- [Try it]: Repeat word for word the line with "2025 Lincoln Aviator Reserve" and every line after it until the records below run out.
═══
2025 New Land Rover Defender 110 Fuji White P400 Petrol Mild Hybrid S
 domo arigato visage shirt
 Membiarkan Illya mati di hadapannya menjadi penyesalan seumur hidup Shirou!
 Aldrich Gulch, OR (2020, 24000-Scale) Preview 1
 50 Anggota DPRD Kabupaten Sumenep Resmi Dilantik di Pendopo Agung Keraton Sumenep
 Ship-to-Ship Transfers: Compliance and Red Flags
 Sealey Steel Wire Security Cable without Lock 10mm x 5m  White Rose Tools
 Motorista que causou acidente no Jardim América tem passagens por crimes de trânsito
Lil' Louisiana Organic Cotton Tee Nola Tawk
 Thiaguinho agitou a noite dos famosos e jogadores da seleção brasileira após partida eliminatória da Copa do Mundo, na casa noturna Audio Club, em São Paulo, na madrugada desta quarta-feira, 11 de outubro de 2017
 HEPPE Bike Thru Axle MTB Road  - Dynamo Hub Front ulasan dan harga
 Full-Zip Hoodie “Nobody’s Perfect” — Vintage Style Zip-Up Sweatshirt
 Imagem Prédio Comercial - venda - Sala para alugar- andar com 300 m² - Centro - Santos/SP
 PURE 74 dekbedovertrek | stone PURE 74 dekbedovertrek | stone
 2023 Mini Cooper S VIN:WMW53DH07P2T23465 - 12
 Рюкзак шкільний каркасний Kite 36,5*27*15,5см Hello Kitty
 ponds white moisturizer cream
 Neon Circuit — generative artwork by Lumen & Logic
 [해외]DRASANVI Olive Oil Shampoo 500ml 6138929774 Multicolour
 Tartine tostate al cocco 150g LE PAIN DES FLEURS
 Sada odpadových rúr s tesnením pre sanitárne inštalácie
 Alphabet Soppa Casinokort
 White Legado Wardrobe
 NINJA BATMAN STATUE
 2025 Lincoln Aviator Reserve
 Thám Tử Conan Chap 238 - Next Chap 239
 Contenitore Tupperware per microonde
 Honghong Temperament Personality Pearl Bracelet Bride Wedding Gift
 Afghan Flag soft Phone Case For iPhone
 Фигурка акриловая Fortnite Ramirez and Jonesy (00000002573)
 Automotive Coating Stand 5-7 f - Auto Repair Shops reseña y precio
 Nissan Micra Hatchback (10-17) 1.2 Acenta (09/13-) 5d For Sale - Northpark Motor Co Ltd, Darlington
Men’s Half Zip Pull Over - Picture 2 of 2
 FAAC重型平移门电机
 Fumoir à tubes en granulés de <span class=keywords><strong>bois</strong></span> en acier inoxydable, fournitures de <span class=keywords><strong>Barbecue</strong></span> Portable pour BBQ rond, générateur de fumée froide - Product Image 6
═══
- [Solution to this task]:
 2025 Lincoln Aviator Reserve
 Thám Tử Conan Chap 238 - Next Chap 239
 Contenitore Tupperware per microonde
 Honghong Temperament Personality Pearl Bracelet Bride Wedding Gift
 Afghan Flag soft Phone Case For iPhone
 Фигурка акриловая Fortnite Ramirez and Jonesy (00000002573)
 Automotive Coating Stand 5-7 f - Auto Repair Shops reseña y precio
 Nissan Micra Hatchback (10-17) 1.2 Acenta (09/13-) 5d For Sale - Northpark Motor Co Ltd, Darlington
Men’s Half Zip Pull Over - Picture 2 of 2
 FAAC重型平移门电机
 Fumoir à tubes en granulés de <span class=keywords><strong>bois</strong></span> en acier inoxydable, fournitures de <span class=keywords><strong>Barbecue</strong></span> Portable pour BBQ rond, générateur de fumée froide - Product Image 6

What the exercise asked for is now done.